Curiosamente, o estilo de vida subterrâneo também pode oferecer alguma proteção contra terramotos. Wright descreve que os tremores de terra na região produzem um ruído vibrante que aumenta e passa através do subterrâneo até ao outro lado.
“Tivemos dois [terramotos] desde que me mudei para cá e nunca sequer me abalei”, conta. Mas o nível de segurança das estruturas subterrâneas durante atividades sísmicas depende inteiramente do seu tamanho, complexidade e profundidade.
Configuração ideal
A questão é se as casas subterrâneas poderiam ajudar as pessoas a combater os efeitos das mudanças climáticas em outros lugares do planeta. E por que elas são tão poucas?
Existem diversas razões que explicam a praticidade única da construção de subterrâneos em Coober Pedy.
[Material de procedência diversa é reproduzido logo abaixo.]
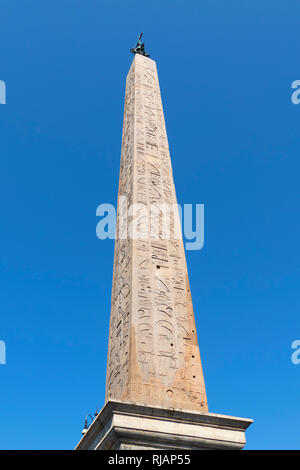Obelisco Lateranense è il più grande in piedi antico obelisco egiziano nel mondo, ed è anche il più alto obelisco in Italia, Roma, Der Lateranische OBE Foto Stock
A primeira são as rochas da região.
“Elas são muito moles, podemos raspá-las com um canivete ou com a unha”, afirma Barry Lewis, funcionário do centro de informações turísticas da cidade. Por esta razão, quando os moradores precisam de mais espaço, às vezes simplesmente começam a cavar. E, como se trata de uma área de mineração de opala, não é raro que um projeto de obras acabe por dar lucro.
Já houve um homem que encontrou uma gema grande a sair da parede enquanto instalava um chuveiro e, durante uma obra de ampliação, um hotel local descobriu opalas no valor de 1,5 milhões de dólares australianos.
Na verdade, a construção de túneis em Coober Pedy é tão simples que muitos moradores têm casas de luxo sofisticadas, com piscinas subterrâneas, salões de jogos, grandes banheiros e salas de estar de alto padrão.
Um morador local chegou a descrever sua casa subterrânea “como um castelo”, com 50 mil tijolos aparentes e portas em arco em todos os quartos.
Questão de humidade
Mas os banquetes de Cooper Pedy seriam impossíveis noutro lugar. A humidade é um grande desafio para qualquer estrutura subterrânea.
Das muitas moradias em rochas habitadas por seres humanos, a maioria fica em locais secos. Elas incluem as torres e paredes construídas nos rochedos de Mesa Verde, no Colorado (Estados Unidos), habitadas durante mais de 700 anos pelo povo ancestral conhecido como Pueblo, até os elaborados templos, túmulos e palácios escavados no arenito rosa de Petra, na Jordânia.
Mas construir por baixo da terra em regiões mais húmidas é claramente mais complicado. O metro de Londres é um exemplo. Para impermeabilizar os seus túneis subterrâneos originais, construídos no século XIX, foram revestidos com diversas camadas de tijolos e uma generosa camada de betão.
Mas, em Coober Pedy, as condições são áridas até nos subterrâneos. “Aqui é muito, muito seco”, afirma Wright.
Poços de ventilação garantem o fornecimento adequado de oxigénio e permitem que a humidade das atividades internas escape do subterrâneo. Muitas vezes, são simples canos que se estendem através do teto.
De facto, é possível que as curiosas pirâmides de areia de Coober Pedy comecem a pipocar noutros lugares do mundo no futuro próximo.